Members of a conspiracy do not have to know all the details, but they have to know and agree to, even implicitly, a basic illegal purpose. Further, it is not necessary that members of a conspiracy know the identity of all the other members. In fact, many conspiracies involve people that have never heard of one another and never dealt with one another directly; nonetheless, all members are ultimately connected through other members or the common goal to commit a crime. Importantly, a single, one-time agreement establishes one conspiracy even though there might be several criminal objectives.
Example: If A, B, and C agree to sell drugs each day for the next 10 days, there is only one conspiracy, even though the conspirators have agreed to commit multiple drug sales. If there are multiple agreements, then there are multiple conspiracies, even if each agreement has only a single criminal objective. If A, B, and C agree to sell drugs, but agree only to continue if they get a certain amount of money, and that condition is satisfied, and they thereafter agree to sell more drugs, then there are multiple conspiracies.

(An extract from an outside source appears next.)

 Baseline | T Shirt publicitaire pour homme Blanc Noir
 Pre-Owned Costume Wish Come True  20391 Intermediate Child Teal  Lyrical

(2) Intent. Conspiracy is a specific intent crime. This means that merely approving someone else’s participation in a crime will not lead to a conviction for conspiracy. Instead, the defendant must intend to agree and must intend to commit the offense that is the object of the conspiracy.
An important question that comes up is whether the government must prove that the members of a conspiracy intended the execution of the target crime or whether the government must only prove the intent to enter a conspiracy. In U.S. v. Feola, 420 U.S. 671 (1975), several defendants agreed to sell fake drugs to prospective purchasers. It was established that the defendants had agreed to take the money violently, should the purchaser notice the fakeness of the drugs. Unknown to the defendants, the buyers were undercover agents; one of the defendants assaulted the buyer without knowing that he was a federal officer. All defendants were charged and convicted of assault on a federal officer and of conspiring to assault a federal agent. The Court held that the federal conspiracy statute only requires the prosecutor to establish intent to engage in forbidden conduct without requiring evidence that the defendant was aware of the circumstance element — here, that the victim was a federal officer. In the Feola decision, the Court noted that a conspiracy must merely contain “a corrupt motive or motive to do wrong,” which references the corrupt motive doctrine established in People v. Powell in 1875 (63 N.Y 88).
A special intent problem in conspiracy charges occurs when one of the members of the conspiracy provides ordinary goods and services. Can that member be convicted of conspiracy solely because he knows his goods or services are being used for a criminal enterprise? Or must the prosecutor prove that the defendant provided the goods or services with the purpose to advance and support a criminal activity? The majority of courts seems to agree that the knowledge that someone will use the provider’s goods or services to commit a crime is sufficient to impose criminal liability for conspiracy.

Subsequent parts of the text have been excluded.